Also agree that config-as-package is part of this too.

As for statically linked binaries -- this solves some of it but not all. Still hard to figure out which version of openssl is actually running in production. Also falls down in the world of dynamic languages where you app is a bunch of rb/php/py files.

2 comments

Which version of X library can be introspected via which binary is linked, rather than which package is installed - inspecting the actuality rather that an meta-data wrapper in the form of a package may be preferable.

As for static vs dynamic binaries, is dynamic less memory intensive even in containers - that is, do library version get shared across containers in RAM or are they separate? If not separate, static may be much easier to manage in general, though there maybe cases where they can't be provided.
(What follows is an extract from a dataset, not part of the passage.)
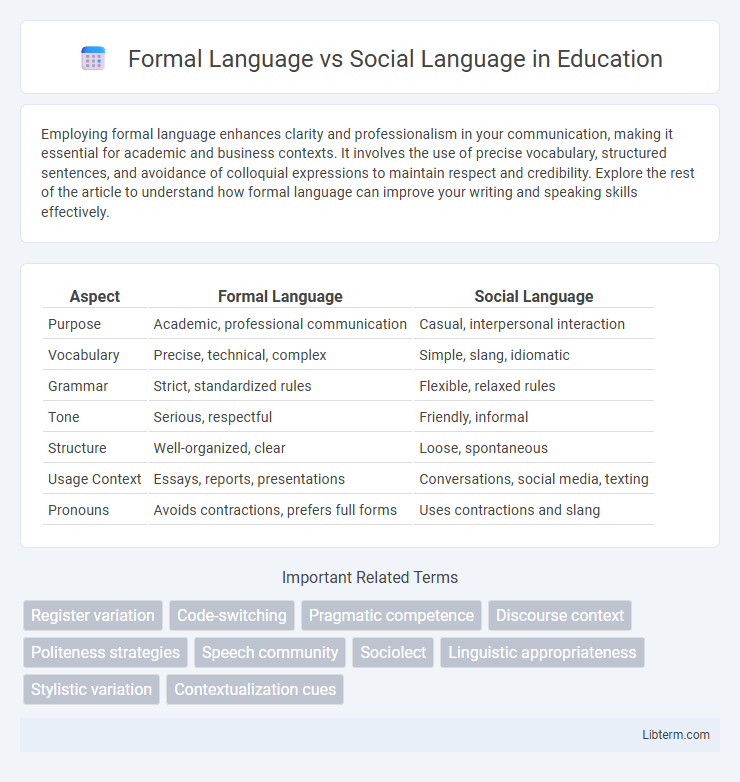 Social Language vs Formal Language in Education - What is The Difference?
Upgrading the app involves a recompile, but that's a container building exercise. Versioning can then become tied explicitly to the container version, or by inspecting the static binary.
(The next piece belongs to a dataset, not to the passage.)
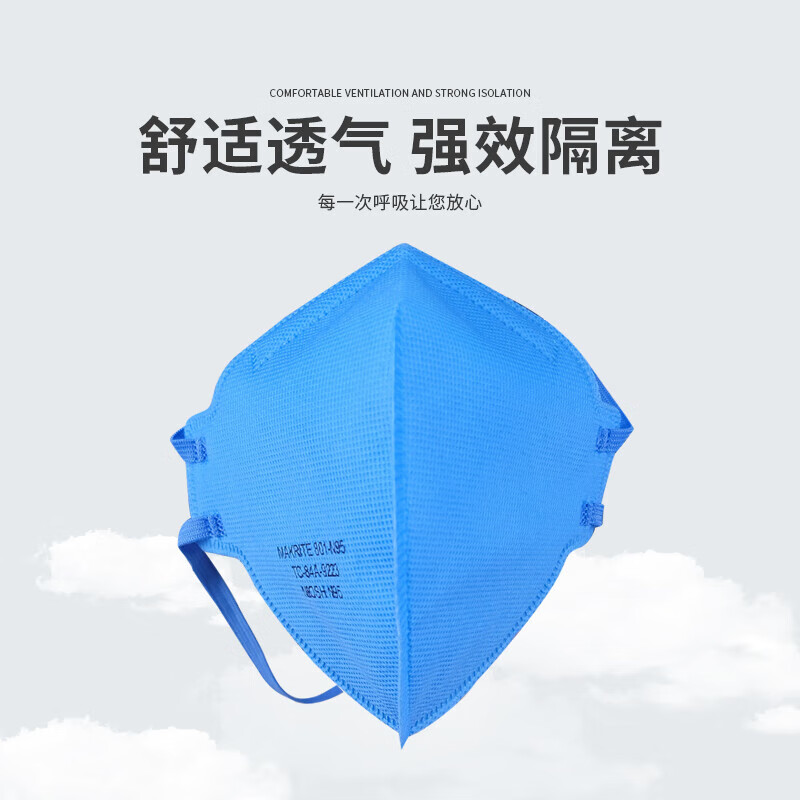 麥特瑞801-N95醫用防護口罩頭帶式獨立裝圖片2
> Still hard to figure out which version of openssl is actually running in production

You could check the version of openssl in a specific image id and check if that image is used on the cluster.
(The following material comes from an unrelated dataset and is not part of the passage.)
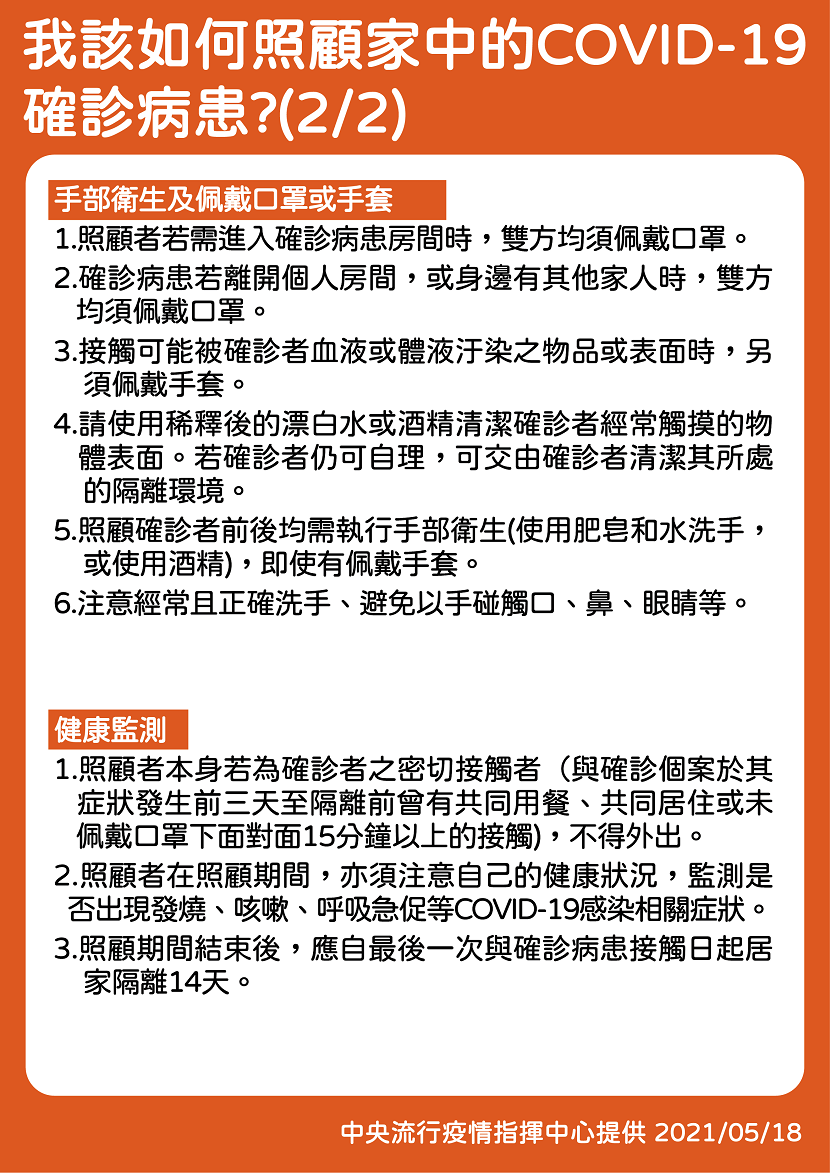 新冠肺炎-確診-照顧-家人-居家隔離-COVID19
If one of your image has a package with known security updates it is just a matter of re-building it with the newer package and re-deploying.

Agreed -- but how do you figure out which packages are in an image without cracking that image?

Quick -- what version of OpenSSL is in the golang Docker images? (https://registry.hub.docker.com/_/golang/). Short of downloading them and poking around the file system, I can't tell.

That's a fair point, but the alternative of always compiling the packages at the point in time negates that, at the risk of regressions and other 'new version' bugs, but that may be endemic in this anyway - if the author of the golang container built it at a point in time against version X, then went away and left the container alone, upgrading versions may become risky in any case.

Those kind of risks, and perhaps the larger container risks look like CI pipeline issues - how is the container tested a given new versions? As an adjunct, how do we so container component integration testing? Is that part of this packaging & building system?